Aeroallergen and Food Sensitization Patterns in Adults with Eosinophilic Esophagitis
Monday, March 7, 2016
South Exhibit Hall H (Convention Center)
Eosinophilic esophagitis (EoE) is diagnosed in patients with symptoms of esophageal dysfunction associated with predominant eosinophilic inflammation. Traditionally, attention has been directed toward IgE-mediated immediate-type food allergies, but environmental allergies may also play an important role. Th2 inflammation, implicated in EoE immunopathogenesis, is shared by many atopic conditions. The objective of this project was to contribute to the limited literature on the prevalence of environmental sensitization in adults with EoE.
Methods: We conducted a retrospective chart review from multiple allergy clinics in five Canadian cities for patients diagnosed with EoE. Demographics
, skin prick tests (SPT), and treatment data were collected and reviewed.

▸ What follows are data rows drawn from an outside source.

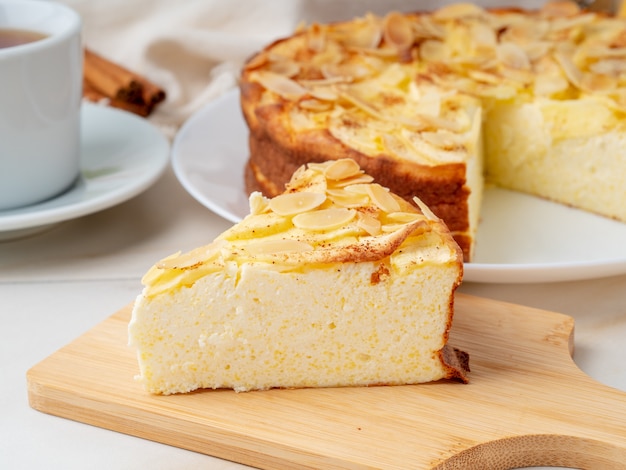 Cheesecake, torta di mele, dessert di cagliata con polenta, mele, cannella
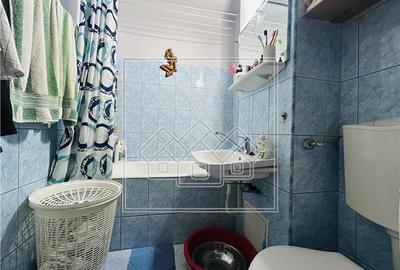 Ap decomandat, cu 2 camere, balcon, etaj 4/8 - M. Viteazu - 5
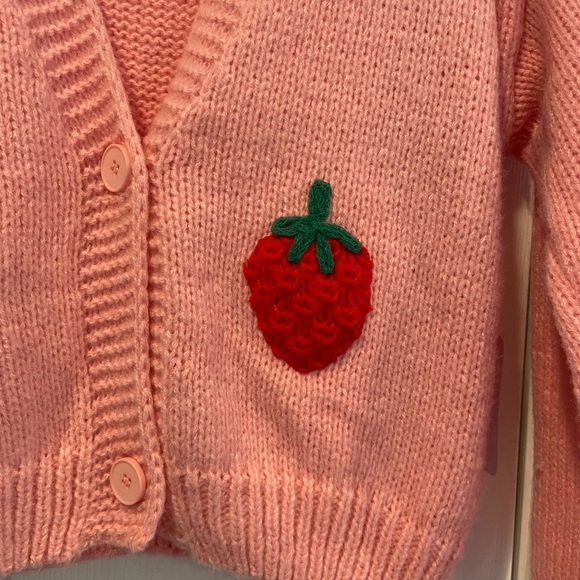 NWT Luna Ivy Anthropologie Size XS Pink Knit Cardigan 3D Appliqué Strawberries - Picture 4 of 12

Results: A total of 182 patients (male:female ratio of 2:1, p-value<0.01; 35±16 years) were diagnosed with EoE. Food sensitization was identified on SPTs in 47% of patients (peanuts=22%, tree nuts=27%, milk=12%, soy=12%, seafood=11%, egg=9%, vegetables=8%, wheat=5%, meat=6%, seeds=5%, fruits=4%, oats=2%). Environmental sensitization was detected in 85% of patients (tree=66%, grass=62%, ragweed=62%, dust mites=59%, cat=56%, mould=32%, dog=21%, cockroach=16%). Most patients had both environmental and food sensitization (43%) or environmental sensitization only (42%). Few had food sensitization only (8%) and some were negative to both food and environmental allergens (18%). Most patients were on PPIs (77%) or inhaled/swallowed corticosteroids (73%).
Conclusions: Environmental allergies had a significantly higher prevalence than food sensitization. Comorbid atopic conditions like environmental allergies should be optimized, as there are trends in early clinical and basic research which suggest environmental allergies may contribute to EoE. The mechanism of EoE requires further study.